Hogan remained a staple for many years, and I remember my mother asking us to turn off the TV while he was getting smashed with a steel chair, because wrestling was too violent. My father would sometimes fondly recall his days following Chief Jay Strongbow (whom I would see on TV, briefly, in later years, during an association with another Native American, Tatanka), and so I suppose it’s no great mystery as to who I can thank for my earliest exposures. In school, I remember a great amount of hype over Hogan’s epic confrontation with Ultimate Warrior, and how each had their partisans. And it kind of snowballed from there, as my access grew, and I grew up.

Because I did not, technically, grow up watching it, but only really had my chance to follow the action in adolescence, I had a lot of catching up to do, from just how important Hogan was, the context for WWE, and the rich history that preceded both of them, including other major promotions and stars who might be said to rival what had come to define for me the whole concept of wrestling. I came in just outside of the era of regional promotions that had once dominated the imaginations of fans, and besides, I was from Maine. Aside from a few famous names to call the state home (Scotty 2 Hotty, Tony Atlas), it’s not exactly what you might call a hotbed of wrestling excitement.

1993 is more or less the first year of my true infatuation with wrestling. It seems a little weird, because for a lot of fans, 1993 doesn’t seem all that significant. I can rattle off any number of reasons why it’s still significant to me, and I will no doubt repeatedly refer back to that year in the coming 100 topics, but suffice it to say, I became a fan, a devoted one, and have continued to be one through every twist and turn wrestling has seen since then, from WCW’s acquisition of Hogan, to Hogan actually becoming relevant to that company, to Steve Austin arguably eclipsing his legacy in WWE, and even to my earliest memories supporting John Cena (earlier than you’d think).

Why care about wrestling? By Hogan’s time it became exceedingly clear that the action was not, technically, real, that it owed more to the circus than it did to sports, and by the time he parted ways with WWE, the first hushed whispers that there were many things to be concerned about, and this long before the parade of deaths came to justify in the minds of an increasingly skeptical public the opinion that the sideshow would be better off closing for good. Maybe I came about during an appropriately impressionable time in my development, and that seeing Hogan and JYD as animated versions of themselves didn’t adequately prepare me for what was to come.

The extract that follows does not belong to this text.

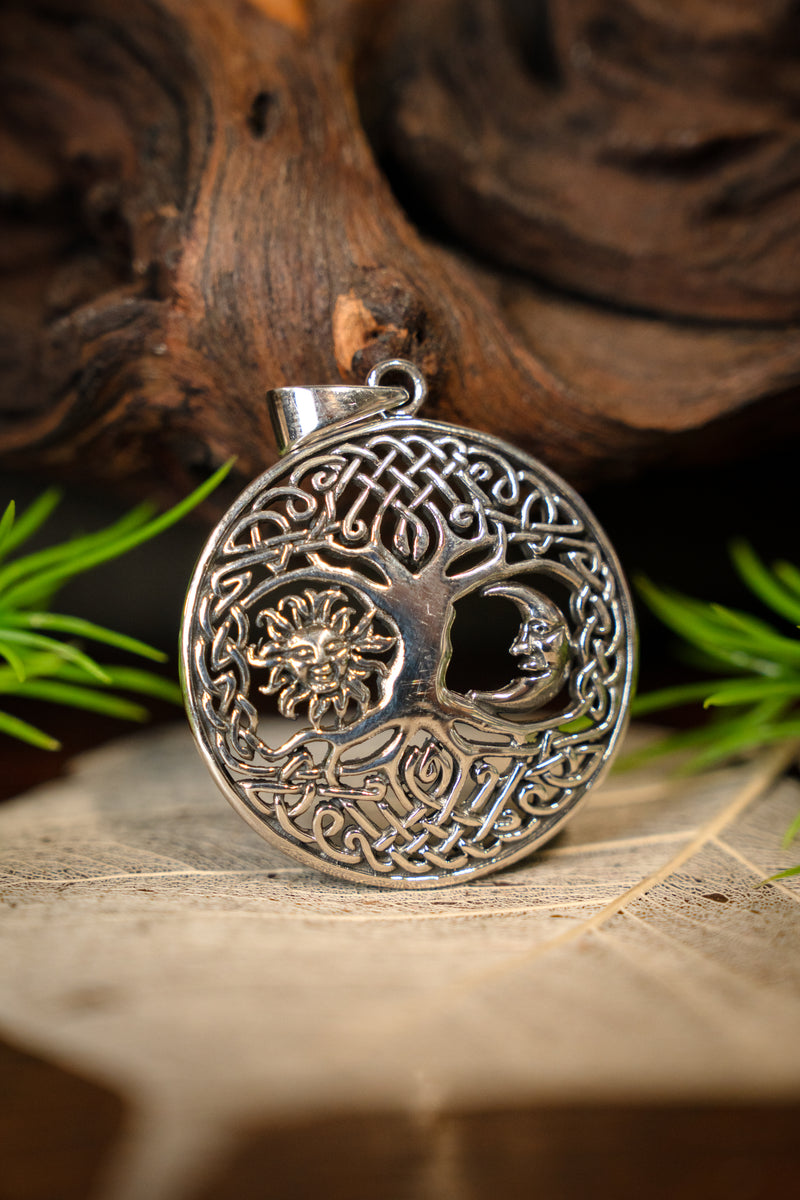 Pendentif arbre de vie avec soleil et lune, bois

Maybe, and then again, maybe I’ve found more reasons to admire wrestling than abhor, mock, or deride it. I take it seriously, even while I continually derive great amusement from it. But let’s get started on those 100 topics, because I have one particular individual in mind who will help illustrate my point:

I. Eddie Guerrero

In 2005, during the midst of writing the second act of what would become my first book, Eddie Guerrero died in a hotel room. I can tell you that the immediate impact was to profoundly alter the trajectory of that story, disrupting my plans and setting my characters on an entirely new path. It was a death that reverberated far more than almost any other death I had experienced before, and I’m talking about people I knew personally and those I only knew from the media. It was almost like James Dean, JFK for me, someone cut down in their prime, all their future potential suddenly lost in the blink of an eye. Eddie had already enjoyed great success in his career, but in many ways it was only just beginning.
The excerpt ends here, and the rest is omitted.